Do an office poll of the country that produces the best steak, and the general assertion will be Argentina. There might be some wayward heathens proclaiming otherwise, but once you have tasted meat from this region, there’s no going back. And it’s not just the hefty pieces of cow; it’s also the idea of the exotic - the fizzing, chaotic melting point that is Buenos Aires. No dry Texan deserts or pampered Japanese livestock being massaged here – instead the vibrant energy of Latin America.
This is why I love CAU. A group of restaurants that can boast meat-emporium Gaucho as a sibling. They are bringing prime cuts of blindingly good steak to the masses, at a superb price, without compromising on quality.
The general decor in CAU establishments is pretty similar – they all tread the line nicely between slick chic and tongue-in-cheek fun. Swanky black with silver and white accessories give the place a nicely trendy edge, but then you get a wall resplendent with emerald green grass, or a bolt of painted blue sky. You’re further transported to the pampas of Argentina with the groovy cloud lampshades hanging above the bar (I wouldn’t mind acquiring some for my house, actually).
The most recent addition is St Katherine’s Docks, bang next to London Bridge. It’s a cool little area, which I had not yet set foot in. The cluster of boats resplendent with rigging gives the impression you’re at some seaport coastal town, and a million miles away from London. This isn’t a bad thing sometimes, especially when you’ve spent the day navigating sweaty armpits on the tube.
It’s lovely and cool inside, with one wall completely dedicated to glass for people-watching and also furthering the feeling you’re on holiday. There are also larger booths and tables towards the back, and comfy banquettes (I bet this place is popular with groups, all ready to chow down on various cuts of cow.)
This is precisely what I’ve come for, and have brought a hungry mate of mine of the male persuasion to help me munch through the menu. We start with a couple of cocktails – we’ve got the summer vibe, so indulge in some brilliant margaritas.
Starters all give a nod to the worldwide influences Buenos Aires can boast, while retaining a focus on South America. There are quesadillas, Spanish croquettes, Argentinian street food... pretty much something to tantalize any taste-buds.
Since we’re in for a meat-feast we know we should go for something, light like the Swordfish Carpaccio, but instead ignore our trembling arteries and opt for the Belly Pork Tempura with CAUchup and the Yerba-Smoked Beef.

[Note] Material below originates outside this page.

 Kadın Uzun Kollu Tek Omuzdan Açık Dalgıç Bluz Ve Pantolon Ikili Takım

The former is as melt-in-your-mouth as it proclaims, and given a lift of tangy flavour from the sauce, while the latter comes as wafers of delectable meat, all layered with the complex and altogether fragrant oriental additions of soy and wasabi.
Now it’s on to the main event, and true carnivores should do as we did, ordering the Feasting Plate. Not for the faint hearted (quite literally – it amounts to 1200g of meat, although we had a lesser portion), it gives a taste of three of CAU’s best steaks.

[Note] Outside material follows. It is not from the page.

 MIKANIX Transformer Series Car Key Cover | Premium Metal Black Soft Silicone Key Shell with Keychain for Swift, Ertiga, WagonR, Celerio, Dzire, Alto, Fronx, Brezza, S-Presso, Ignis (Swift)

Asado de Chorizo has a hefty punch of smoky flavour that combines absolutely ideally with the succulent flesh, while Tira de Ancho has been grilled so slowly that the tenderness is unbelievable – I almost want to break into an Otis Redding chorus. The real kicker is the Lomito – considered the finest cut in Argentina, it really is a lesson in how proper steak should be enjoyed. Charred on the outside, with the inside as pink as Paris Hilton’s wardrobe, and as juicy as the gossip that surrounds her, too.
We accompany this with crisp gold shards of chip and the most divine Mac 'n' Cheese, because what our body needs at this point is more cholesterol, obviously. But FYI, the latter side has to be tried.
There was no need whatsoever to get dessert, but we did anyway, and after trying CAU’s spectacular Three-Milk Cake then I urge you to loosen that belt buckle and do the same. Words don’t describe how damned good it is.
And to drink? It can only be red wine, and once more CAU are bang on with a portion of the list dedicated purely to Malbec. These are exclusively from Argentina, except for the Amélie, which is made for the restaurant in the Languedoc region of France and is bloody delicious – give it a go.
Upon leaving CAU, I had my first ever experience of the meat sweats – and I wouldn’t change it for the world. I felt like I had truly feasted well, on quality produce cooked by expert chefs. And although I was glad I wasn’t actually hopping on a boat, since I was pretty sure I’d sink a ship, then CAU is one place I’ll be making a repeat voyage to very soon.